Armed servicemen stand near their armoured personnel carrier in the eastern Crimea's port city of Feodosiya on March 2, 2014
Armed servicemen stand near their armoured personnel carrier in the eastern Crimea's port city of Feodosiya on March 2, 2014

US Secretary of State John Kerry will travel to Kiev this week in a high-profile show of support for the embattled Ukrainian leadership, as Washington Sunday began Sunday to implement punishing cuts in normal ties with Moscow.

The announcement came after Kerry warned Russia risked being stripped of its coveted seat among the prestigious Group of Eight nations, as well as faced economic turmoil and sanctions, for the "brazen act of aggression" on the Crimean peninsula.

The surprise stop was added onto the top US diplomat's planned trip to Rome and Paris amid growing alarm at fast-moving events in Ukraine, with senior officials saying Russian forces now had complete control of southern Crimea.

Kerry will meet Tuesday in Kiev "with senior representatives of Ukraine's new government, leaders of the Rada and members of civil society," State Department spokeswoman Jen Psaki said in a statement.

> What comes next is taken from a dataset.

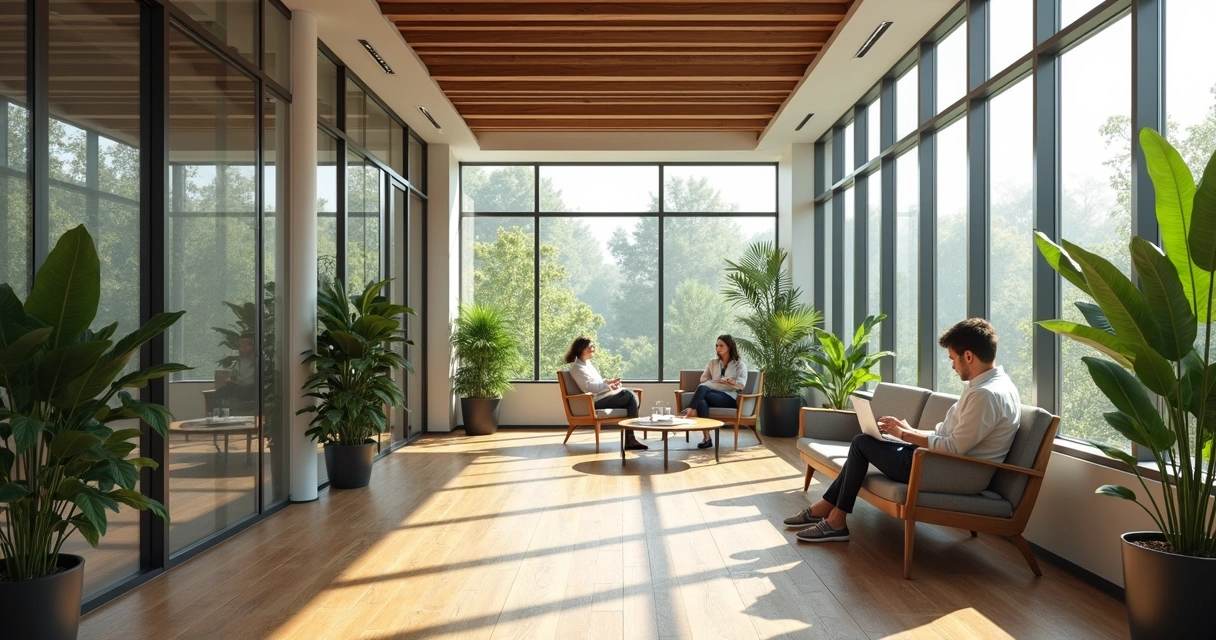 Ambiente de trabalho moderno com área de descanso e plantas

He "will reaffirm the United States' strong support for Ukrainian sovereignty, independence, territorial integrity," she added.

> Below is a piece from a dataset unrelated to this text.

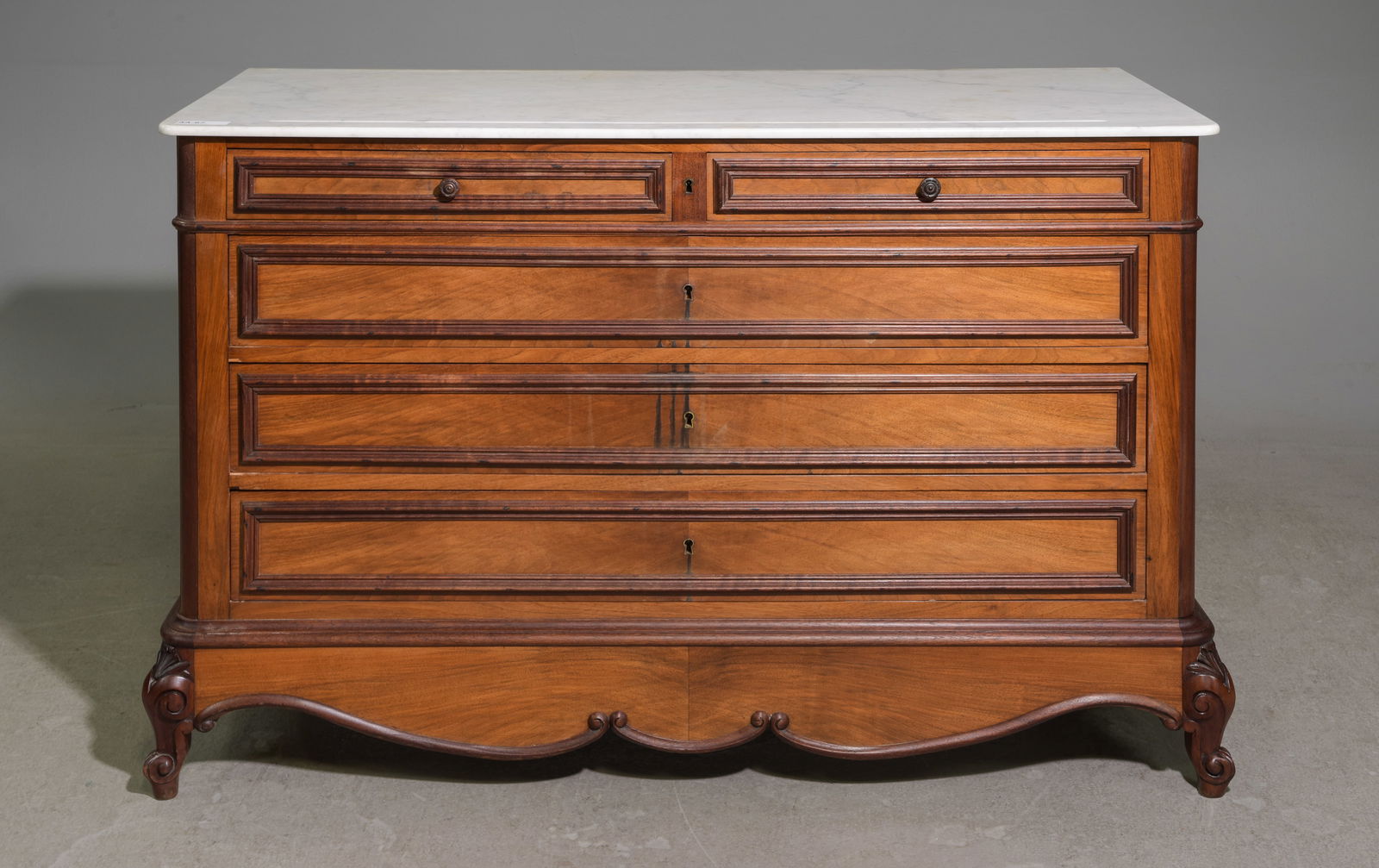 French White Marble Top Five Drawer Chest (1 of 6)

A senior administration official told reporters on a conference call that Russian forces were "now in complete operational control of the Crimean peninsula."

A woman photographs  Kiev's Independence square as protests continue on March 2, 2014
A woman photographs Kiev's Independence square as protests continue on March 2, 2014

"There is no question that they are in a occupation commission in Crimea. They are flying in reinforcements and they are settling in," the official said.

After a 90-minute phone call with his Russian counterpart Vladimir Putin on Saturday, President Barack Obama spoke a day later with German Chancellor Angela Merkel, Britain's Prime Minister David Cameron and Polish President Bronislaw Komorowski.

Washington and its G8 allies were prepared to slap sanctions on Moscow, Kerry said, warning of damage to billions of dollars in trade and investment, as well as possible visa bans and moves by American businesses to quit Russia.

Kerry's blunt comments came as Kiev's interim leaders warned their country was on the brink of disaster, calling up military reservists after the Russian parliament voted to allow Putin to send in troops to its western neighbor.

"If Russia wants to be a G8 country, it needs to behave like a G8 country," Kerry told CBS television's "Face the Nation" program.

Putin "is not going to have a Sochi G8, he may not even remain in the G8 if this continues. He may find himself with asset freezes on Russian business, American business may pull back, there may be a further tumble of the ruble," Kerry warned on NBC's "Meet the Press."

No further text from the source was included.